Toutefois, les différentes mesures présentées aux chapitres II et III nous imposent une vision bien moins nuancée : le développement économique de l’hydroélectricité serait bridé par des normes et des contraintes abusives imposées par l’État.
Alors que des améliorations concrètes ont été apportées ces dernières années, nous devons nous interroger sur cette volonté d’aller beaucoup plus loin dans la simplification administrative et normative.
En effet, les règles et normes imposées aux acteurs de ce secteur n’obéissent pas à une simple logique productiviste. Je pense, par exemple, aux contraintes de la continuité écologique des cours d’eau, ou encore aux dispositifs de sûreté et de sécurité pour les plus gros barrages.
Parce que les installations hydroélectriques interagissent directement avec notre espace naturel, il est logique de définir un cadre assorti d’objectifs environnementaux adaptés.
Cette proposition de loi fait l’impasse sur les multiples usages de l’eau que sont la consommation d’eau potable, l’irrigation, la navigation et le tourisme. Elle se focalise sur la seule production d’électricité. Nous devons avoir une vision plus large, en considérant l’eau comme un bien commun que l’on ne peut pas privatiser.
De plus, la présente proposition de loi met en place de nombreuses exonérations fiscales, qui se traduiront par un abaissement des recettes pour les budgets de l’État et des collectivités territoriales.
L’absence d’étude d’impact, induite par une proposition de loi, ne nous rassure pas sur les effets de telles mesures financières. Combien vont coûter concrètement ces exonérations ? Quels seront les préjudices pour l’État et les collectivités territoriales ?
Le contexte actuel du secteur de l’énergie, particulièrement animé et bouleversé, doit également être pris en compte pour permettre un réel essor de l’hydroélectricité. En effet, les grands groupes énergétiques français, majoritairement publics, sont en train d’être progressivement démantelés et privatisés.
L’État se défausse de cartes dont il aurait bien besoin, tant le soutien et la mobilisation de ces groupes est indispensable pour réussir notre transition énergétique et lutter contre les changements climatiques.
S’opposer à la cession des parts que l’État détient encore dans Engie, qui possède de nombreuses concessions à travers la Compagnie nationale du Rhône, la CNR, c’est prendre en compte les enjeux autour des multiples usages de l’eau, qui doivent appeler à une maîtrise publique.
S’opposer au démantèlement d’EDF et à la privatisation de sa future entité consacrée aux énergies renouvelables, prévue dans le projet Hercule, c’est se mobiliser concrètement pour inscrire l’hydroélectricité au cœur de notre transition énergétique.
Aussi, mes chers collègues, il faut aller plus loin, pour renforcer encore le droit à l’information et l’association des élus locaux et des parlementaires face à l’opacité des discussions qui ont lieu actuellement entre le Gouvernement et la Commission européenne.

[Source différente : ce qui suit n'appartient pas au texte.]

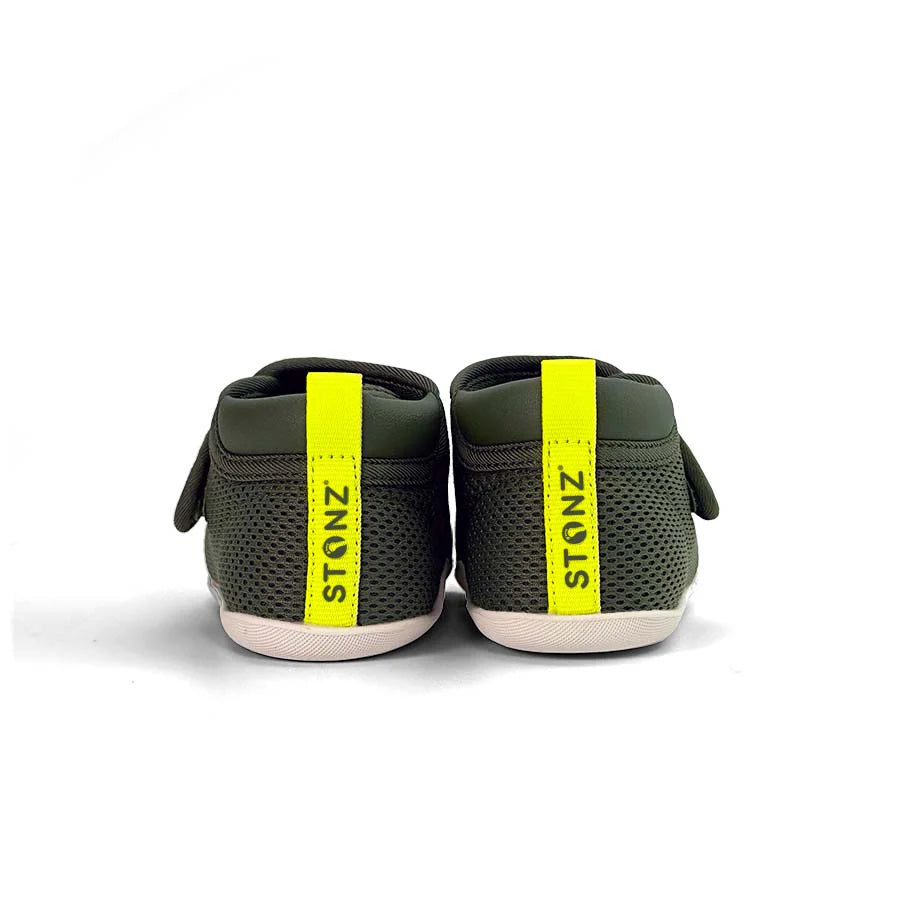 Stonz Cypress Cruiser Baby Shoes - Waterproof & Lightweight Infant Booties for Boys & Girls - Perfect for Outdoor Adventures, Walking & Playtime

Nous en reparlerons certainement.
Toutefois, et comme le souligne l’auteur de la proposition de loi, de nombreuses dispositions ont déjà été prises ces dernières années pour assouplir certaines normes et règles, que ce soit en matière de continuité écologique, de simplification des procédures pour l’autorisation environnementale ou encore l’octroi de dérogations possibles aux objectifs de qualité et quantité des eaux fixés par les Sdage. Et en matière fiscale, le secteur a, là aussi, bénéficié d’allégements significatifs, comme l’exonération de la TFPB.
Faut-il aller encore plus loin ? Nous ne le pensons pas. Mais nous tenons à souligner les avancées de cette proposition de loi, ainsi que l’opportunité de débattre de l’hydroélectricité.
Pour cette raison, le groupe Socialiste, Écologiste et Républicain s’abstiendra de manière positive et constructive lors du vote de la proposition de loi.